The Opportunity
Schoolsworks Academy Trust was established on 1 April 2012 under the Academies Act 2010, to manage its first academy (Edward Bryant School). The Trust grew out of an entrepreneurial vision and experienced a speedy organic first stage of growth to 5 schools within two and half years. Now they have 7 schools with nearly 3000 pupils and over 400 staff and will soon open a new free school. Schoolsworks is a Trust ‘with a cause’, whose core mission is to build a culture of collaboration between staff, schools and pupils with the aim of ‘building children’s futures together’.
The Challenge
Having gone through the “forming, storming and norming” stages of its development, the management team recognised the need to develop a more distributed and collaborative approach to leadership to achieve its mission, and to become less reliant on its 2 Founders for the long term. As a result, the it was decided to explore how best to develop the leadership capability of the Executives and Head Teachers in addition to their educational expertise.

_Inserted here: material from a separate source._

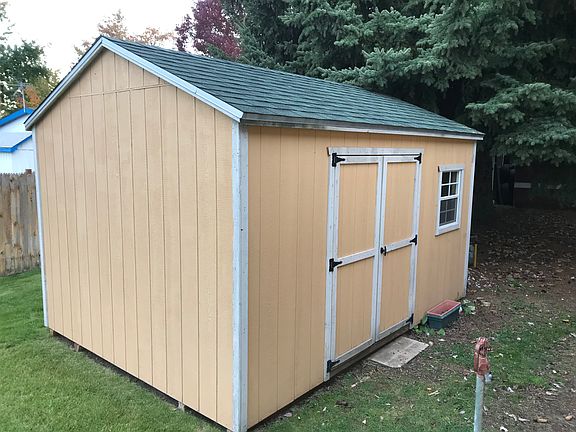 Roomy storage shed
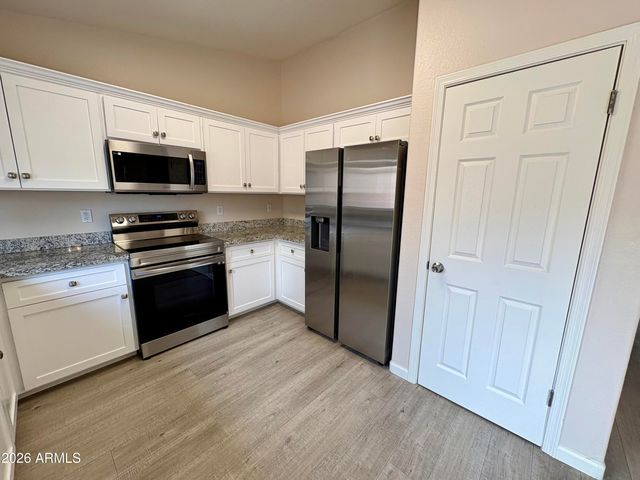 8556 W CAROL Avenue, Peoria, AZ 85345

Initially the leadership were both sceptical and curious about the benefits a Leadership Development programme could offer the Trust and its schools; however Tricordant were engaged to work with the Leadership Team to develop a pilot programme called Me in the Mix based on a mix of Coaching and Action Learning Sets.
The first key intervention was to engage the whole Leadership Team to explore what a voluntary programme of individual coaching and Action Learning Sets would look and feel like.
The Tricordant Approach
The Me in the Mix programme
Following the initial workshop, 5 of the 8 leadership team members (2 Executives and 3 Head Teachers) volunteered for the individual coaching offer of 2 sessions each, and 7 of the 8 (3 Executives and 4 Head Teachers) volunteered for the Action Learning Sets (ALS).

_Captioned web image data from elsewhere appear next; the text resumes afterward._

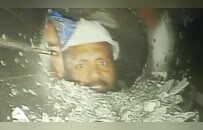 印度一在建隧道坍塌，41名工人靠“两条管道”撑17天获救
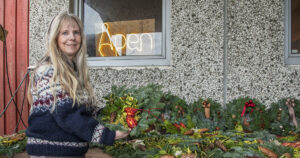 Fleire vil ha plastikk-tre, men hjå Marit Byberg på Voll dyrkar- og tilbyr dei framleis ekte juletre. Og julestemning.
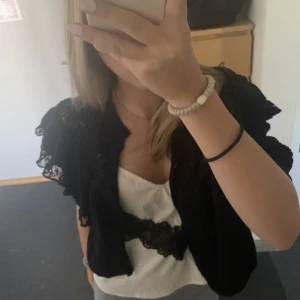 Zara kofta - As snygg kortärmad kofta från zara. Inga defekter. Knappt använd💕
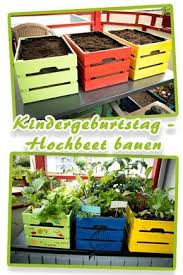 Zu Einem Kindergeburtstag Haben Wir Mini Hochbeete Von Den Kindern Bepflanzen Lassen Hochbeet Diy Kinder Basteln B In 2020 Hochbeet Kinder Garten Hochbeet Bauen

In both coaching and the ALS interventions the programme emphasised personal learning applied to real work issues and helping leaders to develop the conditions to deliver the “real work” of their schools.

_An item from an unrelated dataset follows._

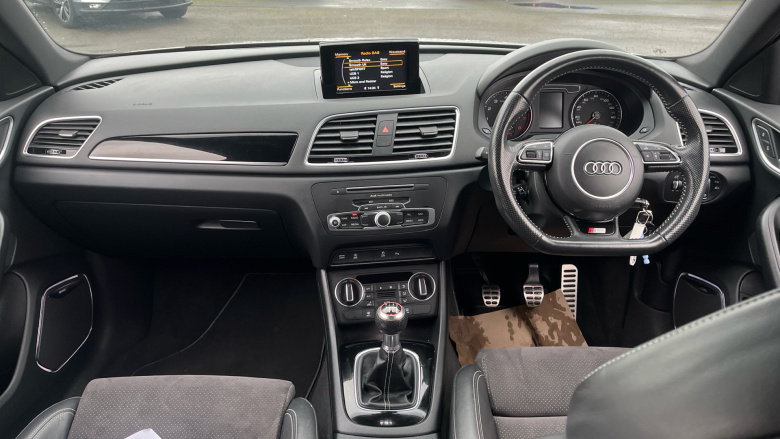 Audi Q3 1.4T FSI Black Edition 5dr Petrol Estate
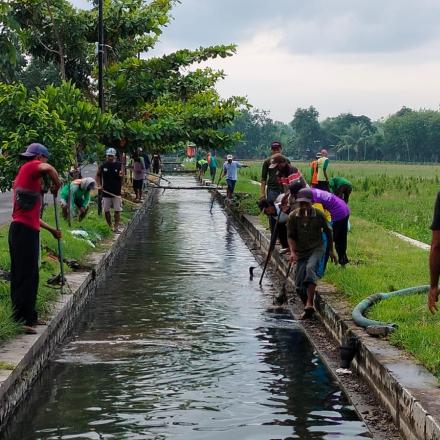 Program Kali Bersih Desa Banjararum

Individual contracting was essential at the outset of the coaching session, with clarity that the coachee could go beyond “pure” coaching and invite advice regarding the coach’s personal experience and “thought models” to help with application to real-time leadership issues. Holding the coaching/mentorship boundary to be crossed only at the coachee’s invitation was an important factor in securing the opportunity for applied learning.
The coaching approach focussed on personal authenticity and “use of self”. While the primary aim was to help the leaders discover their own solutions, the permeable boundary to seek guidance from the coach proved to be valuable for learning new ways to frame and organise their approaches to real and present personal leadership issues.
The Action Learning Sets were set up as facilitated peer groups, one comprising Head Teachers with the other comprising the 3 Senior Executives. Each explored “in the moment” issues for each member and the facilitated approach encouraged “coaching questions” within and between the ALS members as well as offering the opportunity to explore one another’s’ experiences and solutions to shared challenges.
The Action Learning Set gave me quality professional development time with trusted colleagues. Sharing issues and potential solutions was very productive and made it incredibly clear that I’m not the only one who feels like the ship is sinking when it’s actually floating ok!
Richard Waddington. Head Teacher
Evaluation
The pilot programme concluded with an evaluation workshop which offered the opportunity for participants of each of the coaching and ALS programmes to share their experiences and learning, and for non-participants to probe and explore the benefits from a peer perspective. It also served to help the Leadership Team determine whether the programme could create a suitable development platform for leaders and future leaders to explore the extent to which leaders could facilitate a similar programme internally for purposes of sustainability and affordability.
We are a young organisation and one of our goals is to introduce a fresh culture of leadership development into the primary school sector. The majority of our senior leaders participated in the programmes, and found them effective personally, helping address key issues in the development of our leadership culture. As ever, Tricordant are a pleasure to work with, offering engaged, energetic and tailored resources; we are looking forward to working with them in leadership development further”
Schoolsworks CEO and Founder Chris Seaton.
The Outcome
The Leadership Team concluded the Action Learning Set model will be cascaded to the next cohort of 25 leaders in the Trust through a programme of facilitated and experiential training with the express purpose of embedding the ALS facilitation skills into the Trust for the long term and coaching should continue to be sourced externally.